Pada akhir tahun 2024, publik dikejutkan oleh gugatan Keraton Yogyakarta terhadap PT KAI terkait lahan seluas 297.192 meter persegi di sekitar Stasiun Tugu. Lahan tersebut adalah Sultan Ground—warisan historis Keraton Yogyakarta—yang diklaim sepihak oleh negara melalui BUMN.
Di mata hukum, sengketa ini mungkin tampak seperti perkara administrasi aset. Namun, bagi rakyat Yogyakarta, ini bukan sekadar persoalan legalitas—melainkan persoalan martabat dan sejarah. Negara hadir dengan sertifikat, tetapi lupa bahwa tanah itu sudah memiliki jiwa jauh sebelum republik ini lahir.

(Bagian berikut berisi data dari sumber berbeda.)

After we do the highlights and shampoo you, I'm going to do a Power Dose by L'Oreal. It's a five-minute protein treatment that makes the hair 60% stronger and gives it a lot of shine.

Negara Harus Mendengar Sejarah
Lompat ke Juni 2025, Pemerintah Pusat resmi menetapkan empat pulau—Panjang, Lipan, Mangkir Gadang, dan Mangkir Ketek—sebagai bagian dari wilayah Aceh, menyudahi konflik batas wilayah dengan Sumatera Utara. Keputusan itu diambil melalui forum tertinggi negara yang melibatkan Menteri Dalam Negeri, Menseskab, dan Wakil Ketua DPR RI.
Penetapan ini menunjukkan bahwa batas wilayah bukan hanya soal titik koordinat, tetapi juga identitas dan pengakuan sejarah lokal. Aceh diberi ruang untuk bicara sebagai subjek sejarah, bukan sekadar objek administratif.

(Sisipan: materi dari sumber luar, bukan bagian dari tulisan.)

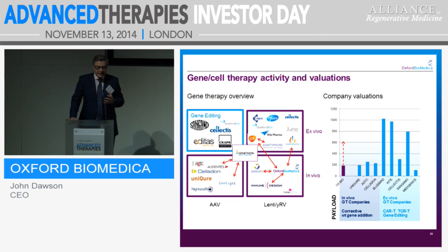Here's an overview of where we see the market and what's going on in gene and cell therapy. AAV and Lenti, ex vivo and in vivo. We have two deals in the in vivo world with Sanofi and Immune Design, but also we have ex vivo deals with GSK and with Novartis. Moving to the right-hand side, you can see the in vivo and ex vivo valuations, slightly skewed by the transatlantic divide in company valuations. Now that we're working in both in vivo and ex vivo, we think we have some significant share price upside to come.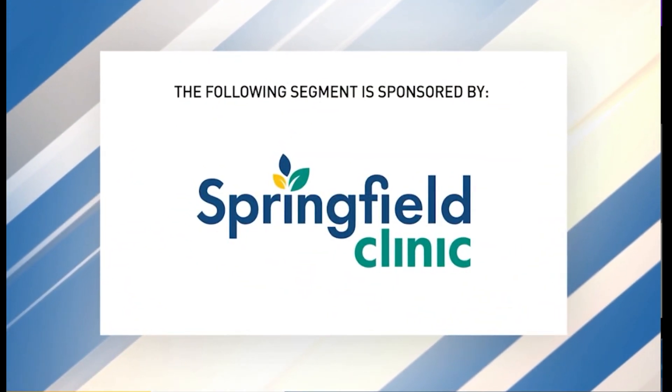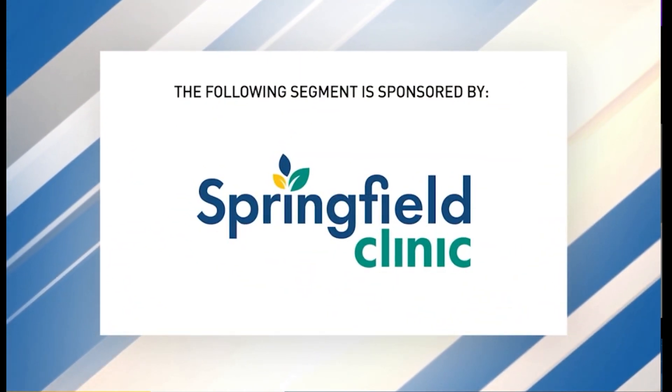The following segment is sponsored by Springfield Clinic. Joining us this Wellness Wednesday is Rachel Ashcraft, Springfield Clinic Breast Surgical Oncology, and Amy Mann, Springfield Clinic Genetic Specialist, and today we're talking about high-risk breast cancer patients and genetic testing. Thank you for joining us. Thanks for having us.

Jangan Ubah Hukum Jadi Alat Dominasi
Dua peristiwa tersebut berbeda dalam konteks, tetapi mengandung pesan yang sama: negara sedang diuji, apakah ia benar-benar hadir untuk rakyat atau hanya tunduk pada prosedur hukum tanpa nurani.
Dalam konsep good governance, instrumen hukum saja tidak cukup. Negara membutuhkan legitimasi sosial—yang dibentuk dari adat, budaya, dan ingatan kolektif. Tanpa itu, hukum hanya menjadi alat dominasi, bukan keadilan.

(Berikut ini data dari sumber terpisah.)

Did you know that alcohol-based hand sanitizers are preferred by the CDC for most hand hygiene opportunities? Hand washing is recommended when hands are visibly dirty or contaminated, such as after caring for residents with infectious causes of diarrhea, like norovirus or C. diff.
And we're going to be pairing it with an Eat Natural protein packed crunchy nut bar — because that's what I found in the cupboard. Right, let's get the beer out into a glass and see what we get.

Jejak Pemikiran Para Tokoh Bangsa
“Negara yang kuat adalah negara yang menghormati rakyat dan akar budayanya.”
— Muhammad Natsir, Capita Selecta 2, 1957.
“Agama tanpa kebangsaan itu pincang, dan kebangsaan tanpa agama itu buta.”
— Buya Hamka, Tafsir Al-Azhar, 1966.
“Bangunlah satu dunia di mana semua bangsa hidup dalam damai dan persaudaraan.”
— Soekarno, 1961.
“Stabilitas nasional bukan hanya keamanan, tapi juga rasa keadilan di tengah masyarakat.”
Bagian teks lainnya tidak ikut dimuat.